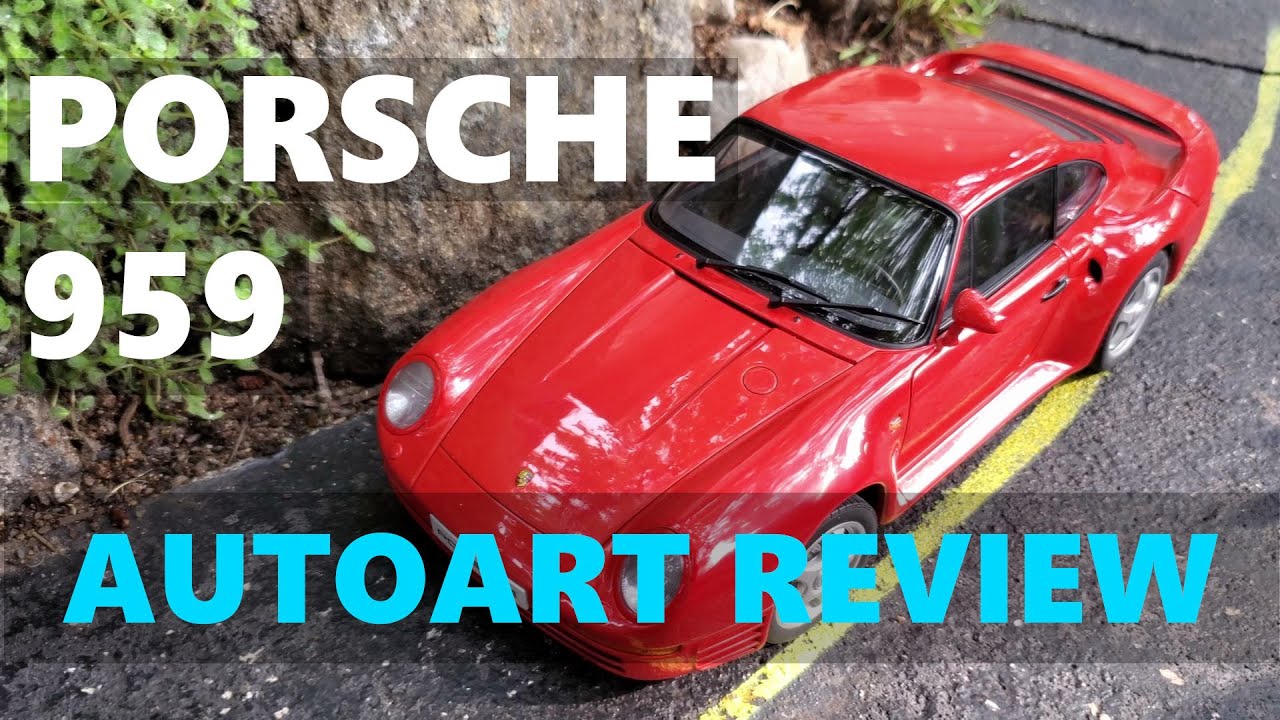 Porsche 959 || 1/18 scale Diecast Review and Showcase - YouTube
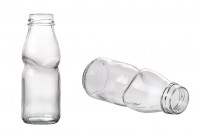 Glasflasche für Säfte 200 ml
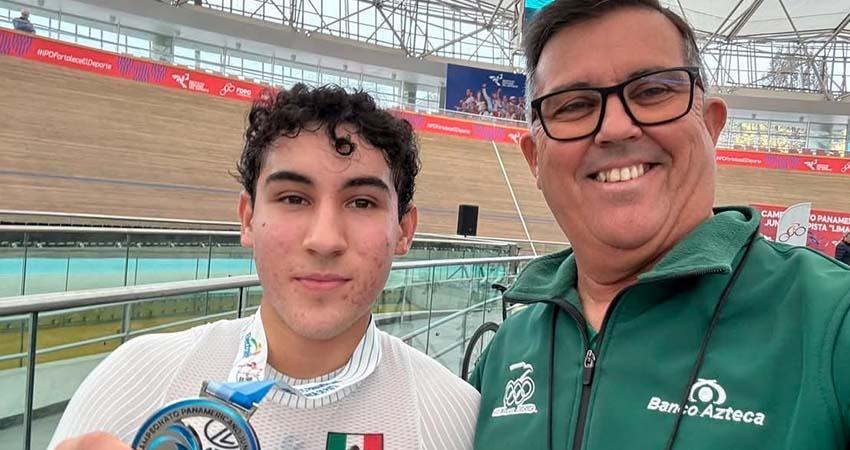 Destaca el Sudcaliforniano Leonardo León Parra en Panamericano de ciclismo en Perú
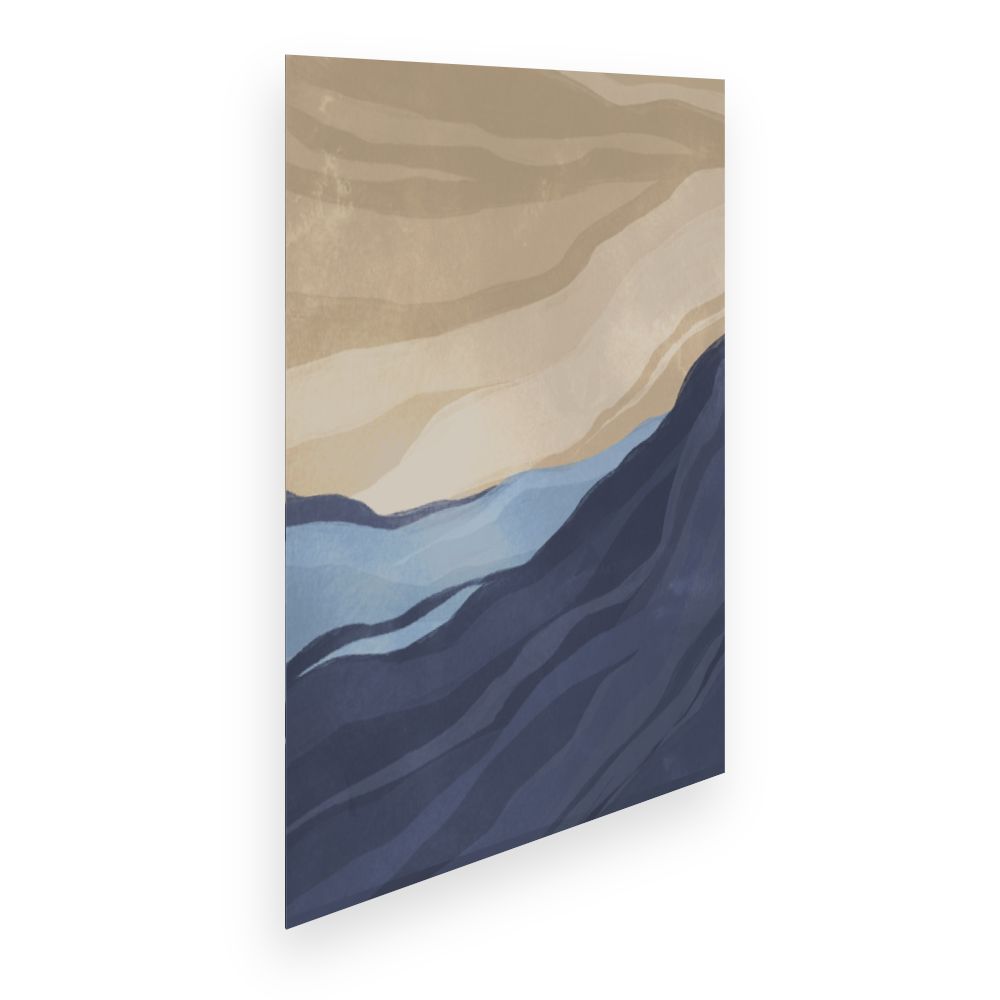 Affiche Paysage ondoyant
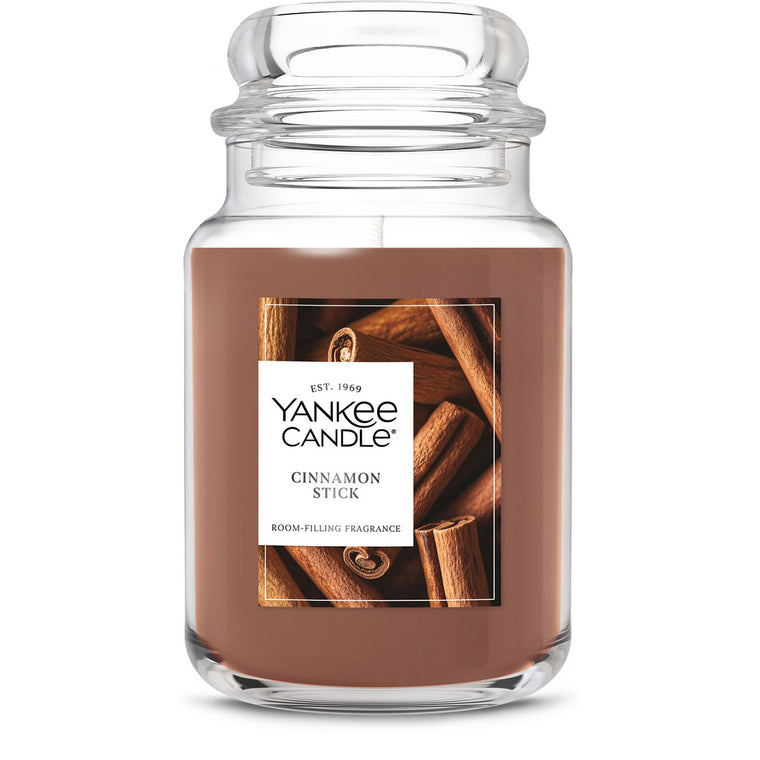 Cinnamon Stick Original Large Jar Candle F2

----

Transcribe the listing in full. Omit the pictures and keep every line exact.

 Porsche 959 || 1/18 scale Diecast Review and Showcase - YouTube
 Glasflasche für Säfte 200 ml
 Destaca el Sudcaliforniano Leonardo León Parra en Panamericano de ciclismo en Perú
 Affiche Paysage ondoyant
 Cinnamon Stick Original Large Jar Candle F2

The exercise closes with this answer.